INPUT MATERIAL: Begin
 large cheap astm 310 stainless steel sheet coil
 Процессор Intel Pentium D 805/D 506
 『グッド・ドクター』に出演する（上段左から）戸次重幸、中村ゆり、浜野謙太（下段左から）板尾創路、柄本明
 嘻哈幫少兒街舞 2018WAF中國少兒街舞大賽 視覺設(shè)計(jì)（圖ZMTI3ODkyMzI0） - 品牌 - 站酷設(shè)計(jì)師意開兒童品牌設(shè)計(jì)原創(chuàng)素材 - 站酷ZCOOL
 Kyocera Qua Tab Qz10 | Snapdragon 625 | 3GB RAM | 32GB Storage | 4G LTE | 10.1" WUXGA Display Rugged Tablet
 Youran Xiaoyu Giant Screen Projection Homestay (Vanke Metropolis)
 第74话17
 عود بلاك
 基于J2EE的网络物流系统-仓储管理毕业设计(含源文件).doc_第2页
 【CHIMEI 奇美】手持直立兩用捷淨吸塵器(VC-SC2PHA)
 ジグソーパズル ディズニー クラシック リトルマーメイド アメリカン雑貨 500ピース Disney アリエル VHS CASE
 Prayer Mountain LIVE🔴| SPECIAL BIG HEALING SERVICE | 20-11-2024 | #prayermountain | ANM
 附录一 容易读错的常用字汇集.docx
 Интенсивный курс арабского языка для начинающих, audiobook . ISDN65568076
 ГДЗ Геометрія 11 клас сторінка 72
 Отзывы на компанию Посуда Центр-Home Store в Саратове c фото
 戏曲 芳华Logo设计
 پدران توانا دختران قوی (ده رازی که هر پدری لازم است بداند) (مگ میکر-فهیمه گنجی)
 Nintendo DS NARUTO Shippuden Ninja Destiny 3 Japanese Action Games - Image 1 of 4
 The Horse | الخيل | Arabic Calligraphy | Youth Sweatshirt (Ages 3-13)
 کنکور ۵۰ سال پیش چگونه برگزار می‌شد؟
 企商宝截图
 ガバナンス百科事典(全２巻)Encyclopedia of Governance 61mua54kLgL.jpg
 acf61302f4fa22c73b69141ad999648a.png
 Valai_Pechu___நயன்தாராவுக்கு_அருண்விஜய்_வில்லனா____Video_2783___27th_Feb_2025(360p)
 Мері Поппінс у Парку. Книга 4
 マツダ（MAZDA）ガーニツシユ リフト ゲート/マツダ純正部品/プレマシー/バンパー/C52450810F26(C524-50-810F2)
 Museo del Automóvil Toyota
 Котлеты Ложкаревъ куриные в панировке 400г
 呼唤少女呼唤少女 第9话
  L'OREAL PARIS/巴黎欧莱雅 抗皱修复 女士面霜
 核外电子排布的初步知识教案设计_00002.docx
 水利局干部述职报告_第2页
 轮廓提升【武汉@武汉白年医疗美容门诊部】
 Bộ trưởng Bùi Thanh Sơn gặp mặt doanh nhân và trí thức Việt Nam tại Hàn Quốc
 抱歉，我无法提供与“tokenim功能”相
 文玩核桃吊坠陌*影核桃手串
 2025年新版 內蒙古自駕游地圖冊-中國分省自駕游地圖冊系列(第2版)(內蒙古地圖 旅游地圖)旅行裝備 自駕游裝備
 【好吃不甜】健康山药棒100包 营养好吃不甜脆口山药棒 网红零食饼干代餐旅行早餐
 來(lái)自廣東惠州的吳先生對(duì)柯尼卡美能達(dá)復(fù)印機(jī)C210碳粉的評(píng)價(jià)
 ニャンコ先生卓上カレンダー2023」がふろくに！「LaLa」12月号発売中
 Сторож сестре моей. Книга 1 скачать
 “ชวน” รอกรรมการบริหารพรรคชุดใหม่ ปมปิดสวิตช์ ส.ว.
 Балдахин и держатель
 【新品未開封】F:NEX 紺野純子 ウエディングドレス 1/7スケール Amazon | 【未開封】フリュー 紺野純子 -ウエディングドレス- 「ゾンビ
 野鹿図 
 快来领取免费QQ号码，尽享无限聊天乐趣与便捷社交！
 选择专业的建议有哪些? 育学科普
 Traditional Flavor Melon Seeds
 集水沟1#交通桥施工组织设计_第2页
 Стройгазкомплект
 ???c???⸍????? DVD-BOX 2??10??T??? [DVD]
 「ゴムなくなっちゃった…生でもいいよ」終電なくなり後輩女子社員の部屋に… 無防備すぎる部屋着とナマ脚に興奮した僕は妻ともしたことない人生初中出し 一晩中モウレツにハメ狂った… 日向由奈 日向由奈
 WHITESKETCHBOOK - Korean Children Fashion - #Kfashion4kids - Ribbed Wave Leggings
INPUT MATERIAL: End
WHAT YOU WILL DO ::
The entries above should be set down again exactly as they appear.

WRITTEN ANSWER ::
 large cheap astm 310 stainless steel sheet coil
 Процессор Intel Pentium D 805/D 506
 『グッド・ドクター』に出演する（上段左から）戸次重幸、中村ゆり、浜野謙太（下段左から）板尾創路、柄本明
 嘻哈幫少兒街舞 2018WAF中國少兒街舞大賽 視覺設(shè)計(jì)（圖ZMTI3ODkyMzI0） - 品牌 - 站酷設(shè)計(jì)師意開兒童品牌設(shè)計(jì)原創(chuàng)素材 - 站酷ZCOOL
 Kyocera Qua Tab Qz10 | Snapdragon 625 | 3GB RAM | 32GB Storage | 4G LTE | 10.1" WUXGA Display Rugged Tablet
 Youran Xiaoyu Giant Screen Projection Homestay (Vanke Metropolis)
 第74话17
 عود بلاك
 基于J2EE的网络物流系统-仓储管理毕业设计(含源文件).doc_第2页
 【CHIMEI 奇美】手持直立兩用捷淨吸塵器(VC-SC2PHA)
 ジグソーパズル ディズニー クラシック リトルマーメイド アメリカン雑貨 500ピース Disney アリエル VHS CASE
 Prayer Mountain LIVE🔴| SPECIAL BIG HEALING SERVICE | 20-11-2024 | #prayermountain | ANM
 附录一 容易读错的常用字汇集.docx
 Интенсивный курс арабского языка для начинающих, audiobook . ISDN65568076
 ГДЗ Геометрія 11 клас сторінка 72
 Отзывы на компанию Посуда Центр-Home Store в Саратове c фото
 戏曲 芳华Logo设计
 پدران توانا دختران قوی (ده رازی که هر پدری لازم است بداند) (مگ میکر-فهیمه گنجی)
 Nintendo DS NARUTO Shippuden Ninja Destiny 3 Japanese Action Games - Image 1 of 4
 The Horse | الخيل | Arabic Calligraphy | Youth Sweatshirt (Ages 3-13)
 کنکور ۵۰ سال پیش چگونه برگزار می‌شد؟
 企商宝截图
 ガバナンス百科事典(全２巻)Encyclopedia of Governance 61mua54kLgL.jpg
 acf61302f4fa22c73b69141ad999648a.png
 Valai_Pechu___நயன்தாராவுக்கு_அருண்விஜய்_வில்லனா____Video_2783___27th_Feb_2025(360p)
 Мері Поппінс у Парку. Книга 4
 マツダ（MAZDA）ガーニツシユ リフト ゲート/マツダ純正部品/プレマシー/バンパー/C52450810F26(C524-50-810F2)
 Museo del Automóvil Toyota
 Котлеты Ложкаревъ куриные в панировке 400г
 呼唤少女呼唤少女 第9话
  L'OREAL PARIS/巴黎欧莱雅 抗皱修复 女士面霜
 核外电子排布的初步知识教案设计_00002.docx
 水利局干部述职报告_第2页
 轮廓提升【武汉@武汉白年医疗美容门诊部】
 Bộ trưởng Bùi Thanh Sơn gặp mặt doanh nhân và trí thức Việt Nam tại Hàn Quốc
 抱歉，我无法提供与“tokenim功能”相
 文玩核桃吊坠陌*影核桃手串
 2025年新版 內蒙古自駕游地圖冊-中國分省自駕游地圖冊系列(第2版)(內蒙古地圖 旅游地圖)旅行裝備 自駕游裝備
 【好吃不甜】健康山药棒100包 营养好吃不甜脆口山药棒 网红零食饼干代餐旅行早餐
 來(lái)自廣東惠州的吳先生對(duì)柯尼卡美能達(dá)復(fù)印機(jī)C210碳粉的評(píng)價(jià)
 ニャンコ先生卓上カレンダー2023」がふろくに！「LaLa」12月号発売中
 Сторож сестре моей. Книга 1 скачать
 “ชวน” รอกรรมการบริหารพรรคชุดใหม่ ปมปิดสวิตช์ ส.ว.
 Балдахин и держатель
 【新品未開封】F:NEX 紺野純子 ウエディングドレス 1/7スケール Amazon | 【未開封】フリュー 紺野純子 -ウエディングドレス- 「ゾンビ
 野鹿図 
 快来领取免费QQ号码，尽享无限聊天乐趣与便捷社交！
 选择专业的建议有哪些? 育学科普
 Traditional Flavor Melon Seeds
 集水沟1#交通桥施工组织设计_第2页
 Стройгазкомплект
 ???c???⸍????? DVD-BOX 2??10??T??? [DVD]
 「ゴムなくなっちゃった…生でもいいよ」終電なくなり後輩女子社員の部屋に… 無防備すぎる部屋着とナマ脚に興奮した僕は妻ともしたことない人生初中出し 一晩中モウレツにハメ狂った… 日向由奈 日向由奈
 WHITESKETCHBOOK - Korean Children Fashion - #Kfashion4kids - Ribbed Wave Leggings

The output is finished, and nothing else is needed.